Conservation, for David, was never a late discovery. It began in childhood, nurtured by parents, bird clubs, and heroes like David Attenborough, Gerald Durrell, Peter Scott and David Bellamy. Birds became his first great love, and Cley, he says, remains connected to half the planet through migration. ‘It’s busier than Heathrow every day,’ he smiles, with arrivals and departures written across the marsh.
In winter, great skeins of pink-footed geese and brent fill the sky. Wigeon whistle over the freshwater pools. Curlews and redshanks call across the open landscape. In summer, the reedbeds are alive with sound: sedge warblers, reed warblers and bearded tits; swallows that choose to nest in the hides, delighting visitors. Offshore, terns call and plunge-dive for silver fish. Every visit is different. Always full of beauty.

Over the decades, David has watched Cley Marshes evolve.
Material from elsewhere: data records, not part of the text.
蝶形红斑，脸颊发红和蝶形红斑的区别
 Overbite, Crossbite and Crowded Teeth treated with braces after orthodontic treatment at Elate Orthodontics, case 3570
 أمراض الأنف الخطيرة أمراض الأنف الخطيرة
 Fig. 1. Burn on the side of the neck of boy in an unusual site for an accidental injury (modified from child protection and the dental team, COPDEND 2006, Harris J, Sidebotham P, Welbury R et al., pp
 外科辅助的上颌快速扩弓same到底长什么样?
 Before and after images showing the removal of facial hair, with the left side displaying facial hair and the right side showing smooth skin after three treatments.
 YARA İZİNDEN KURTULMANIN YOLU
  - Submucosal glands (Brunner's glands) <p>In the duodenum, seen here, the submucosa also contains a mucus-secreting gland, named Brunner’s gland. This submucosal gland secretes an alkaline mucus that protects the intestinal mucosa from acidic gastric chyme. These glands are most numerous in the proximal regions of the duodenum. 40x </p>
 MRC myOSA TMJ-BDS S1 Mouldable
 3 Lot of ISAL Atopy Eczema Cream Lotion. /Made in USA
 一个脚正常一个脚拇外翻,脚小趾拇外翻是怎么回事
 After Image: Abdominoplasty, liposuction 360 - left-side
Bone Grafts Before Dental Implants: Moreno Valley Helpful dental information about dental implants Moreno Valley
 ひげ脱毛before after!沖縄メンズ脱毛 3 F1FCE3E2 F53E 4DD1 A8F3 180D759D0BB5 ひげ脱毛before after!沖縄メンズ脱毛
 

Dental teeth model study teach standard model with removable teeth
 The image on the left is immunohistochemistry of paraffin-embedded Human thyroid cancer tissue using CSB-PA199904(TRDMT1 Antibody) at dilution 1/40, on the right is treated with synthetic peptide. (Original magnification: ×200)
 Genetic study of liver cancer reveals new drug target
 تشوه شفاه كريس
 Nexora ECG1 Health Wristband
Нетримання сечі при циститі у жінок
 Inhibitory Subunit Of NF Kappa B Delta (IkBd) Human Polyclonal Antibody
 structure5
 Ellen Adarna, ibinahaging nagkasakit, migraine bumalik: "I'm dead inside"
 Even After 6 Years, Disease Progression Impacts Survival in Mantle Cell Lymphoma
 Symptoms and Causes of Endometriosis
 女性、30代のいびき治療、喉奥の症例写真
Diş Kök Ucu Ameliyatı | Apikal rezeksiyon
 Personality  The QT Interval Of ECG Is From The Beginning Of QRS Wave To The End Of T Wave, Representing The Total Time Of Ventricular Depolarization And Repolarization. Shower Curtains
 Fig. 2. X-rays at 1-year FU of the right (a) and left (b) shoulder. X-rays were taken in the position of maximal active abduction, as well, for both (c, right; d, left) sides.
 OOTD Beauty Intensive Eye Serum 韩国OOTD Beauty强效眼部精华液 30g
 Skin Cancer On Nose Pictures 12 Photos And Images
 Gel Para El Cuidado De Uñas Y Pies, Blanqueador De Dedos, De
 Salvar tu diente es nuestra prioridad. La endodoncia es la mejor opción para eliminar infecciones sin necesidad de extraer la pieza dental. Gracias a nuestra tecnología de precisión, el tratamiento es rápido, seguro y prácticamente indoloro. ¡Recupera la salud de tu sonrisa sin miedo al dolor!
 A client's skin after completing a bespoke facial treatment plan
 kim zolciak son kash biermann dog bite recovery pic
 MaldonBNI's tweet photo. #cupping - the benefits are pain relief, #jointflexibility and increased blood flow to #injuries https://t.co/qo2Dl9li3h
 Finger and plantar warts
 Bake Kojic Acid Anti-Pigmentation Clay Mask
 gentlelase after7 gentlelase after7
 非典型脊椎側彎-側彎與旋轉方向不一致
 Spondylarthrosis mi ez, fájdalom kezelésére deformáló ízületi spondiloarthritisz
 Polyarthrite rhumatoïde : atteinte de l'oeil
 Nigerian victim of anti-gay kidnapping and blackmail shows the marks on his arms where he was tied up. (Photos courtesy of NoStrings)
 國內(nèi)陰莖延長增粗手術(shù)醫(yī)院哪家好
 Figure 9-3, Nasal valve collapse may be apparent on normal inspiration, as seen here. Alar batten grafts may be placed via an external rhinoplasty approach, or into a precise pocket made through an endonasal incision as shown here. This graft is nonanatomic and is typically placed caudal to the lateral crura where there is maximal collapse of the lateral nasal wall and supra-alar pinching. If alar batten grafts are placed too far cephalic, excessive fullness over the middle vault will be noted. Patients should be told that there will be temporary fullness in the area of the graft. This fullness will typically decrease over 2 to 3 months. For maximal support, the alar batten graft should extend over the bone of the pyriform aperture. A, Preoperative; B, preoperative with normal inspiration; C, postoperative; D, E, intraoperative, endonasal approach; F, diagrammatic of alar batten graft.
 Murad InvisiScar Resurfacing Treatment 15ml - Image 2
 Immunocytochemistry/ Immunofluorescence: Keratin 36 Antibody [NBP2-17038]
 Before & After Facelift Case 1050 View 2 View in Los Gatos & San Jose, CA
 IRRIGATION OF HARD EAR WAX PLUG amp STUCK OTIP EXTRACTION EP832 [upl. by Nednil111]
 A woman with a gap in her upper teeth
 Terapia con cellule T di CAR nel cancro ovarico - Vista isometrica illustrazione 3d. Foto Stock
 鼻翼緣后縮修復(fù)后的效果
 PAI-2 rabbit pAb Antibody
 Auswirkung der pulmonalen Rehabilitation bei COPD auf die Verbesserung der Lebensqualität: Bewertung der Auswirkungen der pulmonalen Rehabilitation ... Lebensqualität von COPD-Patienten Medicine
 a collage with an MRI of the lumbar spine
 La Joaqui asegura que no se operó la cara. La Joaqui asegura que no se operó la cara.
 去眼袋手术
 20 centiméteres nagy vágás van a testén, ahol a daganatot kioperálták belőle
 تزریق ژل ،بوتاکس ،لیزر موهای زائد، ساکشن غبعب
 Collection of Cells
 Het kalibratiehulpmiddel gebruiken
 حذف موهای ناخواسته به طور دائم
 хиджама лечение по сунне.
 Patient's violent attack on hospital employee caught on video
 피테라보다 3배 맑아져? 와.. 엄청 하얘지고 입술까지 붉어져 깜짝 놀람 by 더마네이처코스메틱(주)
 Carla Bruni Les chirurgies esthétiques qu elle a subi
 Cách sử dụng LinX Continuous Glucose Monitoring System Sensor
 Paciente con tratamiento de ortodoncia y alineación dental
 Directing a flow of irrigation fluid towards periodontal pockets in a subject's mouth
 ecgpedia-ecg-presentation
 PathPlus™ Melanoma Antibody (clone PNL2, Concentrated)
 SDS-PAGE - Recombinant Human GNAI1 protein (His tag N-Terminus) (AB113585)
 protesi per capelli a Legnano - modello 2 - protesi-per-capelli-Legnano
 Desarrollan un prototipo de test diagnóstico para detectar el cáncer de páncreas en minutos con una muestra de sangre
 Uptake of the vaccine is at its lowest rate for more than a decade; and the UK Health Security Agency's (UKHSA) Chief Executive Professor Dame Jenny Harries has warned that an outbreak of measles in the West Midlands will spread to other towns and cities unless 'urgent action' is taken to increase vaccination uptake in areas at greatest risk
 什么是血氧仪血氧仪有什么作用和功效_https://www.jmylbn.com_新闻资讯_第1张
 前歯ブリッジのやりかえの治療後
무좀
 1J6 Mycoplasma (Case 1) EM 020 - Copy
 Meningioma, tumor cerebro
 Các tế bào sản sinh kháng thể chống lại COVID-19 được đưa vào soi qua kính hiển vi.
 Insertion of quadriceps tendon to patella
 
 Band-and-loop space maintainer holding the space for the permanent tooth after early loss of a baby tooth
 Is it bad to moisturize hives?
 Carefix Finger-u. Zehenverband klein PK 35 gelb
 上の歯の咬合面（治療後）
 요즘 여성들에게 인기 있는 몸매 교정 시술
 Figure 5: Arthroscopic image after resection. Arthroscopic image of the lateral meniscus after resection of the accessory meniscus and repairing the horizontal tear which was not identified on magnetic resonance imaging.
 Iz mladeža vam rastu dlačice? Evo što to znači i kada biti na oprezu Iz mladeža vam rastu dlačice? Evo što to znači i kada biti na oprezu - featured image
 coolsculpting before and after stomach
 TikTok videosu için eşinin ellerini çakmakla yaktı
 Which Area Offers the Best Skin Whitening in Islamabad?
The most significant changes, he says, have been in how people experience the reserve: the opening of the larger visitor centre in 2007, and later the Simon Aspinall Wildlife Education Centre, bringing more people into closer contact with nature than ever before.
The landscape itself has also reminded everyone of its power. David speaks vividly of December 2013, the storm surge that pushed seawater across the reserve and shifted millions of tonnes of shingle in a single night. For a time, it seemed the freshwater marsh might become saltmarsh forever. Then, within weeks, natural processes sealed the breaches again. ‘To witness nature’s forces shaping the landscape on that scale,’ he says, ‘is a very moving experience.’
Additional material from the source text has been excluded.